Now the tower was his secret room, piled high with books smuggled from the library and furnished with a table and a couple of cushions he had managed to squeeze through the trapdoor. With a massive sigh, Ben collapsed onto one of the cushions and began to devour the sandwich- he hadn’t realized how very hungry he was until he had begun to eat. Finishing, he wiped his mouth free of crumbs and looked out one of the tall windows set into the wall of the tower.
The tower room overlooked almost all of Neovia, allowing Ben to watch what went on in he town below. It was the height of noon, and people were bustling about their business, chatting casually and laughing as they strolled down Pine Street. He saw people walking in and out of shops, emerging with bags that were much heavier and purses that were considerably lighter.
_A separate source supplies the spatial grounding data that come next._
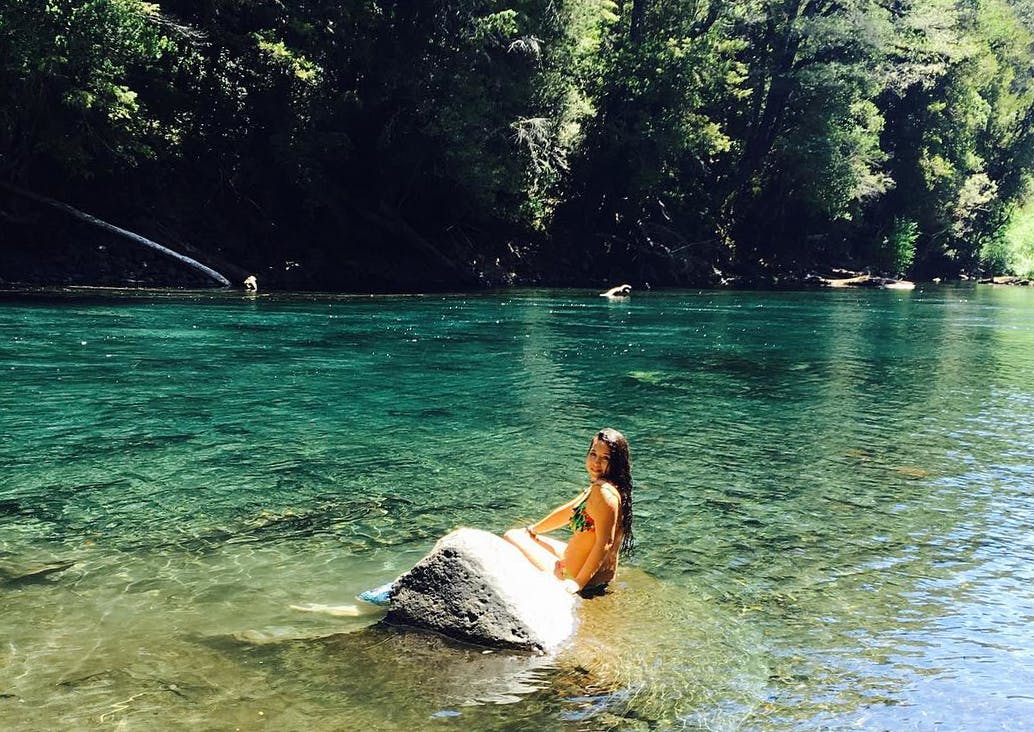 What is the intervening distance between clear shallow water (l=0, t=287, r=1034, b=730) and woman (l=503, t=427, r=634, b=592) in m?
0.33

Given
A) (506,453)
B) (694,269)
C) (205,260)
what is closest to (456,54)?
(205,260)

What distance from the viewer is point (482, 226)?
46.4 m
Everybody was getting ready for the long, bleak winter that lay ahead.
From the corner of his eye, Ben noticed a group of boys about his age gathered at the edge of the Haunted Woods. One ran forward to touch one of the ancient trees just on the border of the forest, then retreated, his legs moving as fast as they could carry him. He looked over his shoulder to see if anything had followed him, and his friends burst out laughing.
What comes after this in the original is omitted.